> [ACTIVITY]
Pictures do not belong in the copy; retype the records below exactly.

-------- DATA SUPPLIED

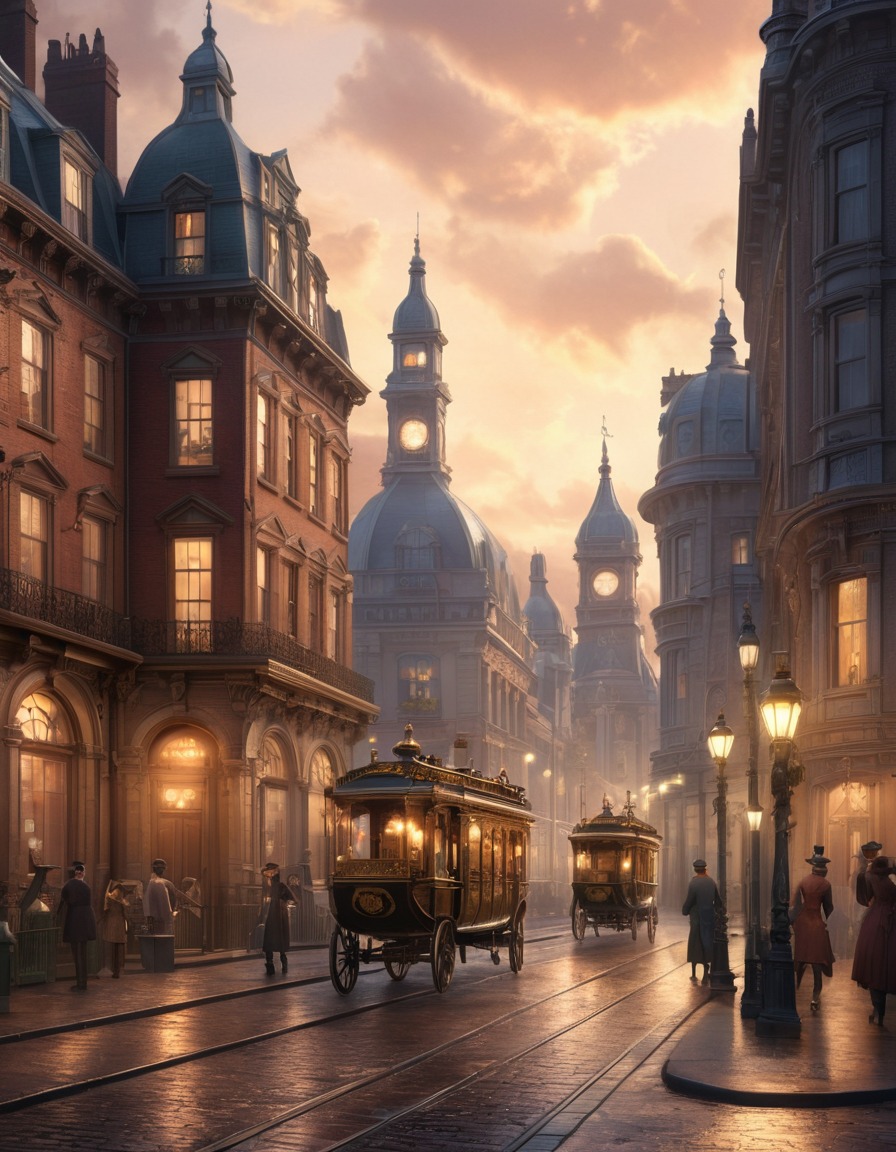 victorian era, cityscape, ornate buildings, gas streetlights, architecture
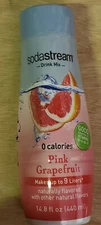 SodaStream PINK GRAPEFRUIT - 0 Calories - 14.8 fl oz - 23 Servs - Dent - 8/2026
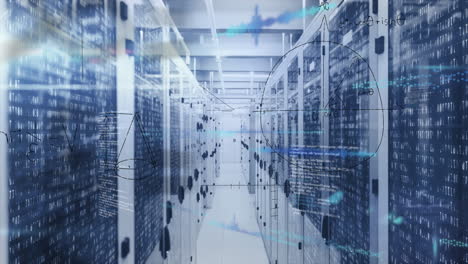 animation of computer data processing over computer servers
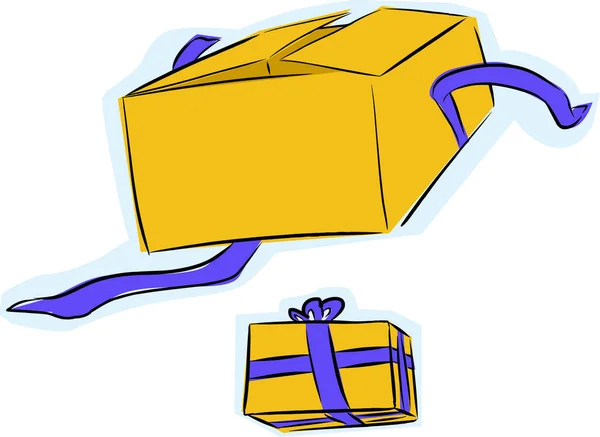 Unwrapped Gift Box Wrapped Gift Box White Background — Stock Photo, Image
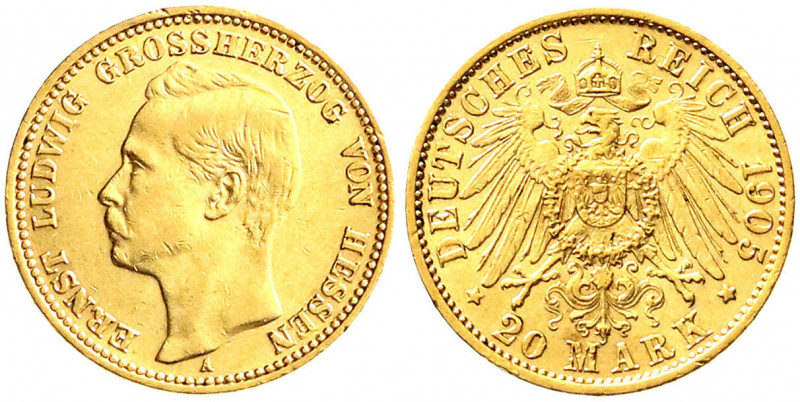 Reichsgoldmünzen
Hessen
Ernst Ludwig, 1892-1918
20 Mark 1905 A. vorzüglich, k...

----------------

> [RESULT OF THE TASK]
 victorian era, cityscape, ornate buildings, gas streetlights, architecture
 SodaStream PINK GRAPEFRUIT - 0 Calories - 14.8 fl oz - 23 Servs - Dent - 8/2026
 animation of computer data processing over computer servers
 Unwrapped Gift Box Wrapped Gift Box White Background — Stock Photo, Image
 Reichsgoldmünzen
Hessen
Ernst Ludwig, 1892-1918
20 Mark 1905 A. vorzüglich, k...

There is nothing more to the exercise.